On Thu, May 26, 2016 at 8:33 AM, David Olsen <[email protected]>
wrote:

> Yes, the behavior is the same even without result.awaitCompletion().
>
> After turning debug on, looks like it's cleaning the temp files
> (result-0000?-of-00004-*) produced.
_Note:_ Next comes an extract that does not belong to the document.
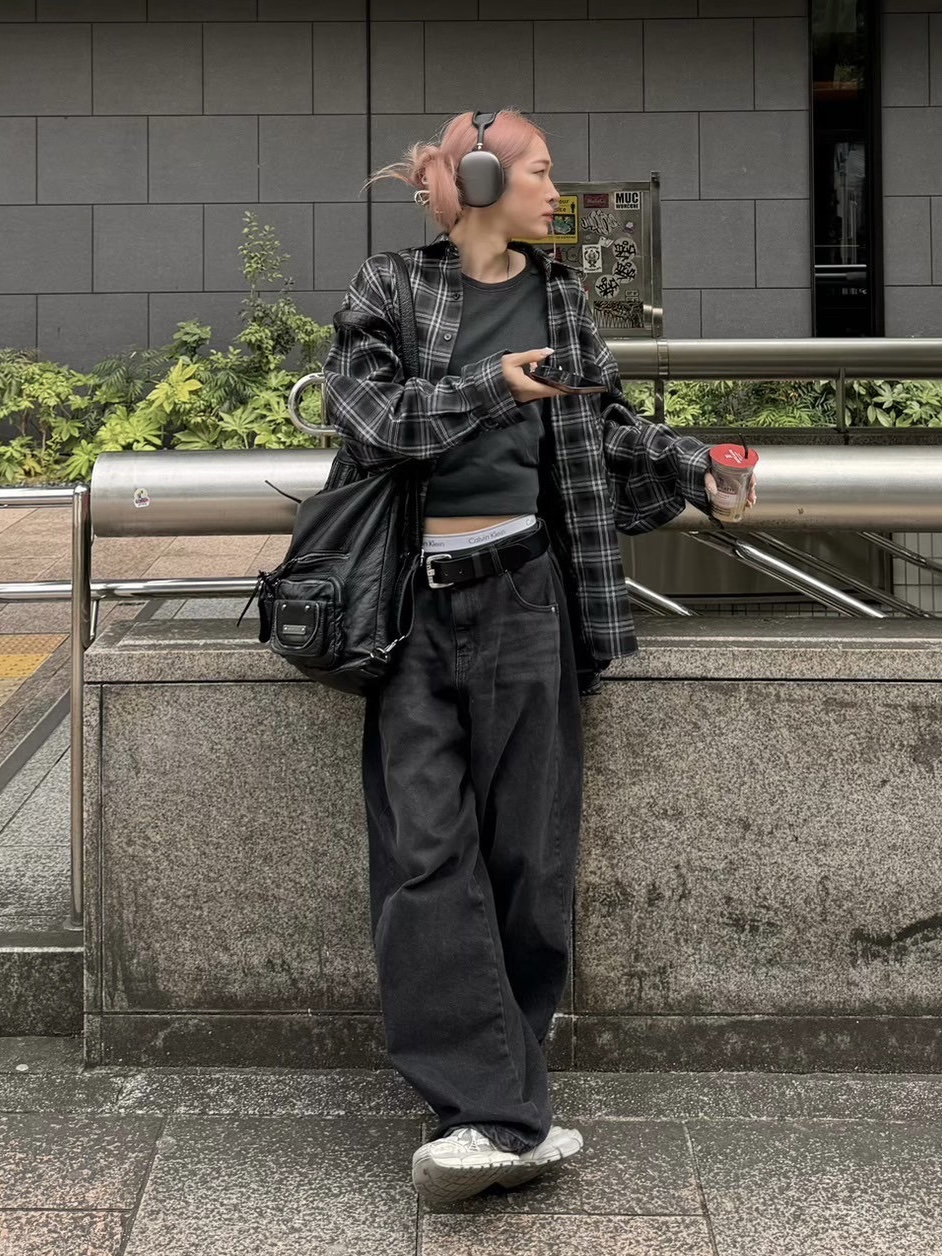 受注制【Chikashitsu +】oversized check shirt | OUR BRAND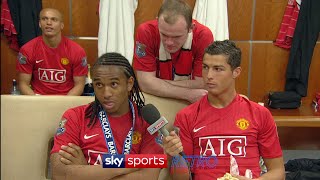 Cristiano Ronaldo hilariously interviews Anderson [upl. by Kcirddor]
And within the output folder only 4
> files are left.
>
> result-00000-of-00004  result-00002-of-00004
> result-00001-of-00004  result-00003-of-00004
>
> But only 4 lines are written to these files (each file only contains 1
> line)
>
> $cat result-0000* | wc -l
> 4
>
> Below is the end of messages after the debug level is turned on:
>
> /tmp/out/result-00001-of-00004-temp-e5c20f19-f6dc-49f7-afe5-dfd168dd6353
> 2016-05-26 23:20:28 DEBUG FileBasedSink$LocalFileOperations:654 - Removing
> file
> /tmp/out/result-00001-of-00004-temp-d2b6bd5f-ca22-402c-8fbb-9445059cb626
> 2016-05-26 23:20:28 DEBUG FileBasedSink$LocalFileOperations:654 - Removing
> file
> /tmp/out/result-00001-of-00004-temp-1b256ecc-e0f9-43fa-ad37-c0920db1aaf7
> 2016-05-26 23:20:28 DEBUG FileBasedSink$LocalFileOperations:654 - Removing
> file
> /tmp/out/result-00001-of-00004-temp-27a03df8-50c8-44e2-ac7b-c4c9b424ddb1
> 2016-05-26 23:20:28 DEBUG FileBasedSink$LocalFileOperations:654 - Removing
> file
> /tmp/out/result-00001-of-00004-temp-70857308-2faf-4e38-98d1-4dc0c0b14b2a
> 2016-05-26 23:20:28 DEBUG FileBasedSink$LocalFileOperations:654 - Removing
> file
> /tmp/out/result-00001-of-00004-temp-ae226ef3-a7b3-4aa6-9caf-dff60a2e3f1e
> 2016-05-26 23:20:28 DEBUG FileBasedSink$LocalFileOperations:654 - Removing
> file
> /tmp/out/result-00001-of-00004-temp-4b19e860-2505-4aa9-b779-a2ae12b5c781
> 2016-05-26 23:20:28 DEBUG FileBasedSink$LocalFileOperations:654 - Removing
> file
> /tmp/out/result-00001-of-00004-temp-c9ac3c39-2812-4fc7-92f6-804717ab9dbd
> 2016-05-26 23:20:28 DEBUG FileBasedSink$LocalFileOperations:654 - Removing
> file
> /tmp/out/result-00001-of-00004-temp-68041765-c800-4116-82eb-2f3874b6d0c7
> 2016-05-26 23:20:28 DEBUG Write:234 - Done finalizing write operation
> org.apache.beam.sdk.io.TextIO$TextSink$TextWriteOperation@ac61f9
> 2016-05-26 23:20:28 DEBUG ExecutorServiceParallelExecutor:431 - Pipeline
> is finished. Shutting down. {}
>
> Although the console prints 'Shutting down', it still hangs indefinitely
> without back to the command prompt.
>
> Thanks for help.
>
>
> On 26 May 2016 at 04:53, Thomas Groh <[email protected]> wrote:
>
>> Additionally, if you set the logging to Debug (with the same beam
>> version) there should be two additional log lines printed for each Write
>> operation, which would help significantly.
>>
>> On Wed, May 25, 2016 at 10:52 AM, Thomas Groh <[email protected]> wrote:
>>
>>> If you inspect the output result (at /tmp/out/result-...-of-00004),
>>> once the pipeline appears to be hung, has the pipeline produced output? The
>>> logs that claim that the write has been finalized suggest that the pipeline
>>> is complete, and the failure is occurring between the underlying executor
>>> and the InProcessPipelineResult, rather than the Pipeline execution. My
>>> initial expectation is that this may be due to an issue between the
>>> InProcessPipelineResult and the underlying executor rather than the
>>> executor proper.
>>>
>>> When the call to `result.awaitCompletion()` is removed, you see the same
>>> behavior, correct?
>>>
>>> On Wed, May 25, 2016 at 8:58 AM, David Olsen <[email protected]>
>>> wrote:
>>>
>>>> I try word count with InProcessPipelineRunner and it basically works.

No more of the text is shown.